After describing himself as an “agenda-less” citizen journalist of the Ferguson protests, Bassem Masri was ‘called-out’ by CNN’s “Reliable Sources” host Brian Stelter in an interview, which aired on Sunday.
According to The Blaze, the television interview between Masri and Stelter featured the host trying to dive deeper into Masri’s role as a citizen journalist and what exactly that entails. Among other topics discussed was the notion of how the mainstream media could improve in their allegedly “bias portrayal” of narratives regarding the Ferguson protests.
Masri made the argument that CNN and other news organizations have painted the protests as violent affairs when none such action has ever taken place against any patrolling officers.
“We’re not going to be just laying back and letting anybody paint whatever narrative they want when it comes to our community,” Masri said. “We haven’t hurt a cop; we haven’t touched any of them. We haven’t made any aggression towards them; it’s been vice versa.”

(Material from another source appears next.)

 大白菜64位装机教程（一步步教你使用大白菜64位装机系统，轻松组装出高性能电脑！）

Since the allegedly flawed message is hitting the mainstream, Masri took it upon himself to start uploading his own content to social media and other live stream websites.

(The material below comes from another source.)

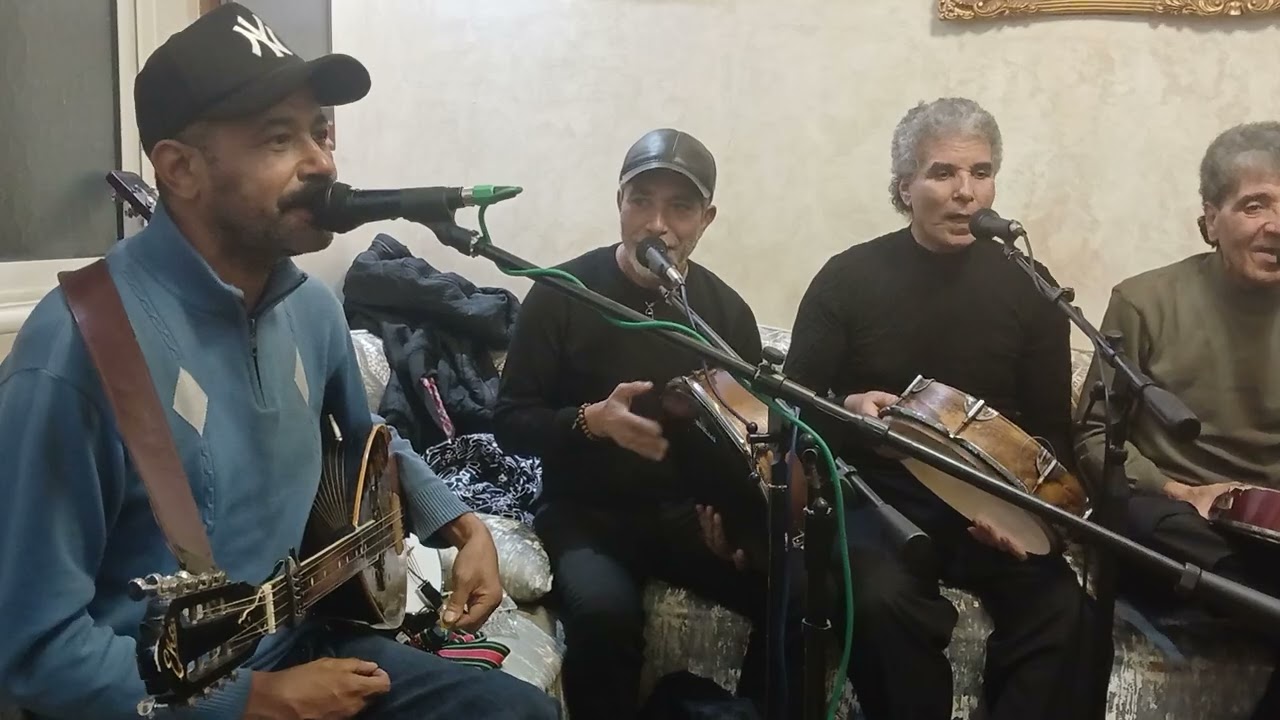 مسناوة  العار عليكم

Masri claims that he has first-hand knowledge of media bias based on his heritage as being a Palestinian. In the past, Palestinians have been vilified throughout the media, usually taking place in the form of overt generalizations that seem to portray all Palestinians as if they were involved in terror networks.
Masri went on to claim that the motive for painting the Ferguson protests in such a negative light is purely “views and hits” based, meaning that news outlets are merely trying to “entertain and attract” rather than painting a more factual picture.
While these claims may or may not be founded, Masri’s creditability was completely dismantled when Stelter played some clips from Masri’s live stream coverage.
The clips featured incidents in which Masri can be heard attempting to incite officers by using phrases such as “pig,” “coward,” “your life is in danger homie,” and lastly, “I’m praying for your death.”
As a self-proclaimed citizen journalist, Masri assumes the role of being an observer, not a participant. Ethical journalism, at least in theory, is supposed to be the segmentation of all personal opinion and action, exchanged for the role of a being an innocent bystander and observer. Had Masri’s live streams been simple footage with no commentary, his premises about the mainstream might have been better received.
An individual cannot make claims about allegedly bias media behavior when they themselves can be heard on video saying, “I’m praying for your death.”
Although Masri regretfully said that he didn’t mean the things that were recorded, his credibility as being the “non-bias citizen journalist” is long since dead and gone.
Citizen journalists should be held to the same standards that they in turn try to impose on the mainstream news circuits. The pot cannot call the kettle pot and still be viewed as having any sort of a viable opinion.